# PROBLEM
Reproduce exactly, and only, the lines below from the one containing "Gri ve siyah" through the one containing "Colorful tulips, greeting".
DATA FOR THIS TASK: Begin
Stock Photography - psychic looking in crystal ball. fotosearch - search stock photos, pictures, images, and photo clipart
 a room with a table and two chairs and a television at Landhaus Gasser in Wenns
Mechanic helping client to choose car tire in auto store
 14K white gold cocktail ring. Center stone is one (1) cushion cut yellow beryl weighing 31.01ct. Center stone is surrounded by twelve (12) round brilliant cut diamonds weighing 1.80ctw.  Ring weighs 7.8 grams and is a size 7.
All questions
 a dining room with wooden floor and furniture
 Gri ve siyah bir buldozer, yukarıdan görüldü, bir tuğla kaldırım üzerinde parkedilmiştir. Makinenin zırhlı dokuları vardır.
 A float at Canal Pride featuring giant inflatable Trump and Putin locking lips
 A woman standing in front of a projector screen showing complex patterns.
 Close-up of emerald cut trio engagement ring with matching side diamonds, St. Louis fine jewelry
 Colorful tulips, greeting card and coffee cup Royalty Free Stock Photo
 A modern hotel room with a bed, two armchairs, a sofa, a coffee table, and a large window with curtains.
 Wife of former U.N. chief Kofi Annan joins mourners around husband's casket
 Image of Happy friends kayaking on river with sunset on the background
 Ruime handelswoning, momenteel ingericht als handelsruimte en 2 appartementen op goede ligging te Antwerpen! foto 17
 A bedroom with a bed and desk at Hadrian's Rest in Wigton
DATA FOR THIS TASK: End
# RESPONSE AREA
 Gri ve siyah bir buldozer, yukarıdan görüldü, bir tuğla kaldırım üzerinde parkedilmiştir. Makinenin zırhlı dokuları vardır.
 A float at Canal Pride featuring giant inflatable Trump and Putin locking lips
 A woman standing in front of a projector screen showing complex patterns.
 Close-up of emerald cut trio engagement ring with matching side diamonds, St. Louis fine jewelry
 Colorful tulips, greeting card and coffee cup Royalty Free Stock Photo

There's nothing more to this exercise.